_Task statement:_ In this exercise, print only the lines of the records below from the one with "MA license plate 9WI887" through the one with "Schoenenkast in houtdecor", inclusive. Pictures are not part of the copy.

_Extracted material:_
Segment Open

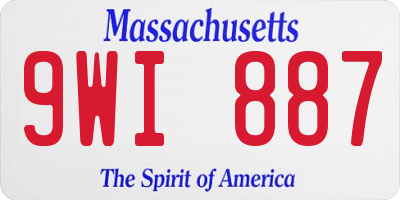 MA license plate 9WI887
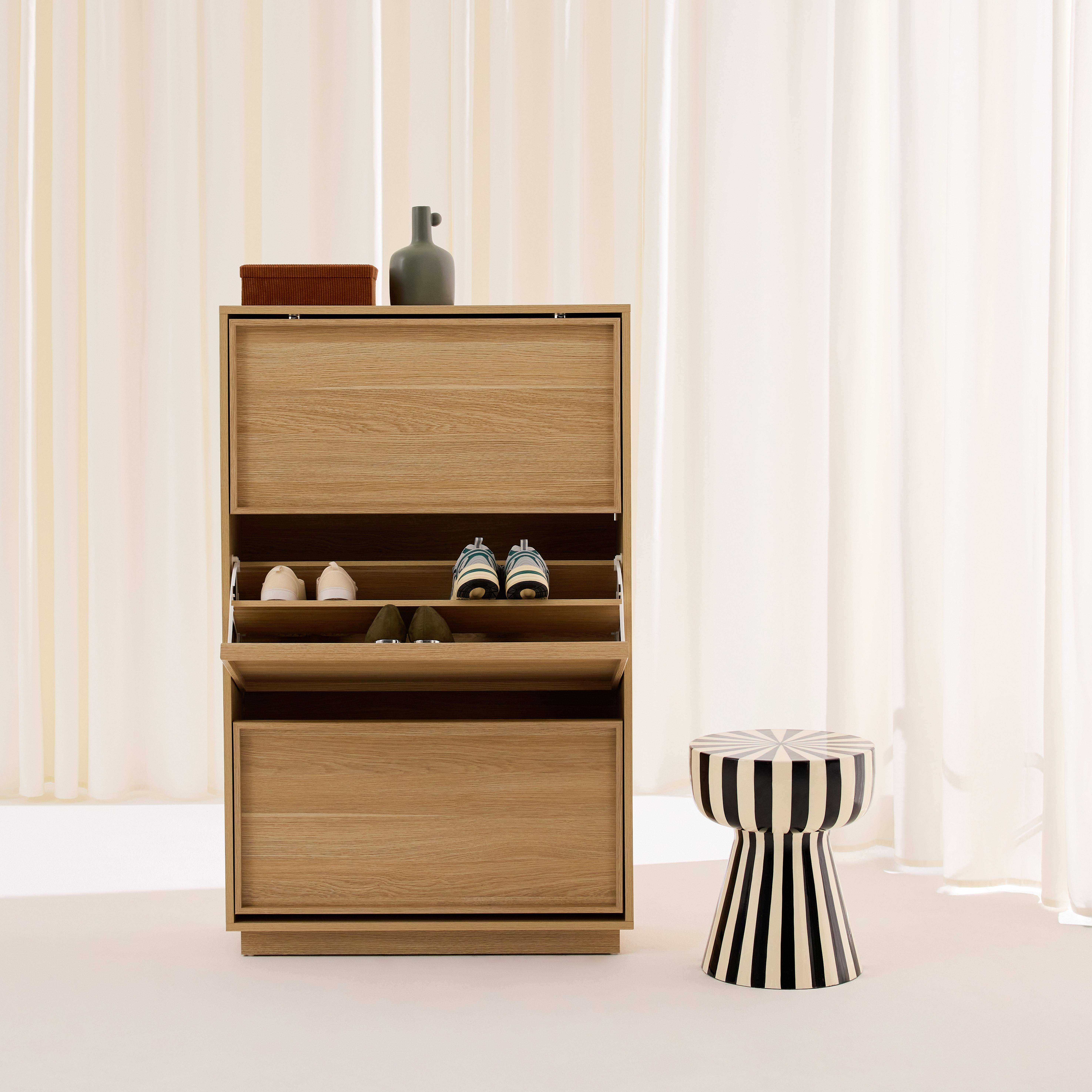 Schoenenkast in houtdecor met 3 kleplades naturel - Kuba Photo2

Segment Closed
Segment Open

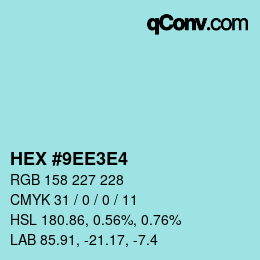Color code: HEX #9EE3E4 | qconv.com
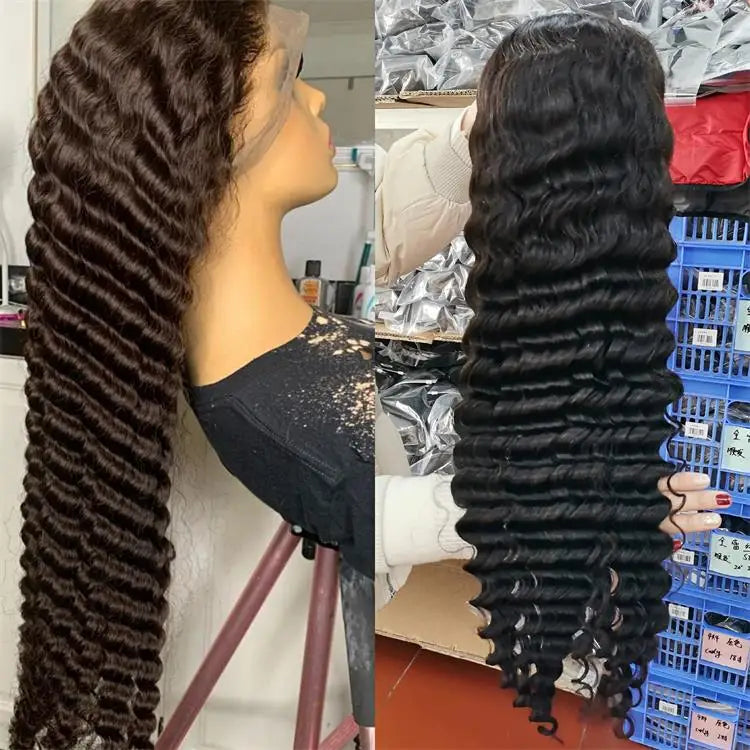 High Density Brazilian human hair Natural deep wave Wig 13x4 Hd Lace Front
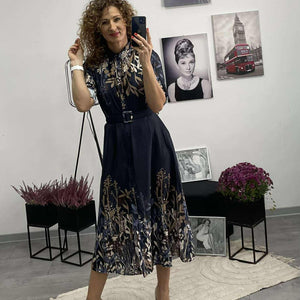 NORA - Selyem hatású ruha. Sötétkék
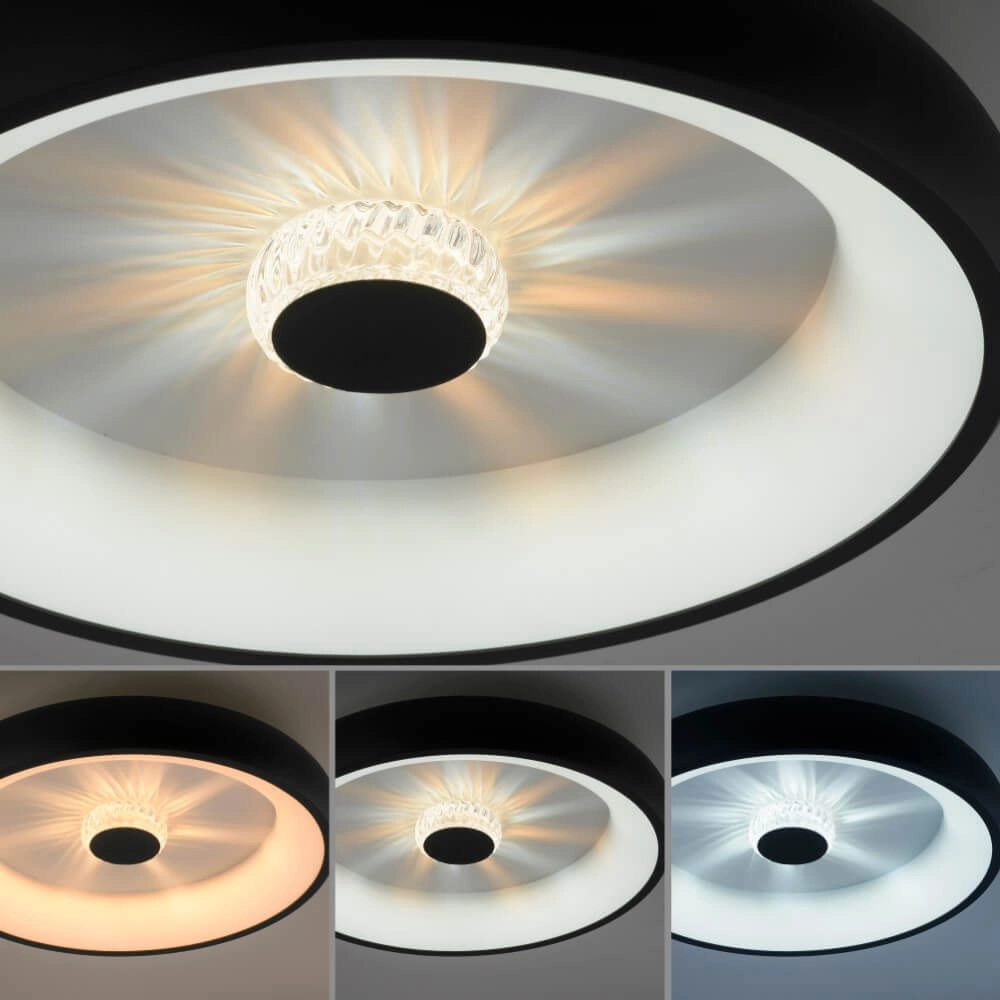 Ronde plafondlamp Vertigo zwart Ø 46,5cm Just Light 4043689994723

Segment Closed

_Response for this exercise:_
 MA license plate 9WI887
 Schoenenkast in houtdecor met 3 kleplades naturel - Kuba Photo2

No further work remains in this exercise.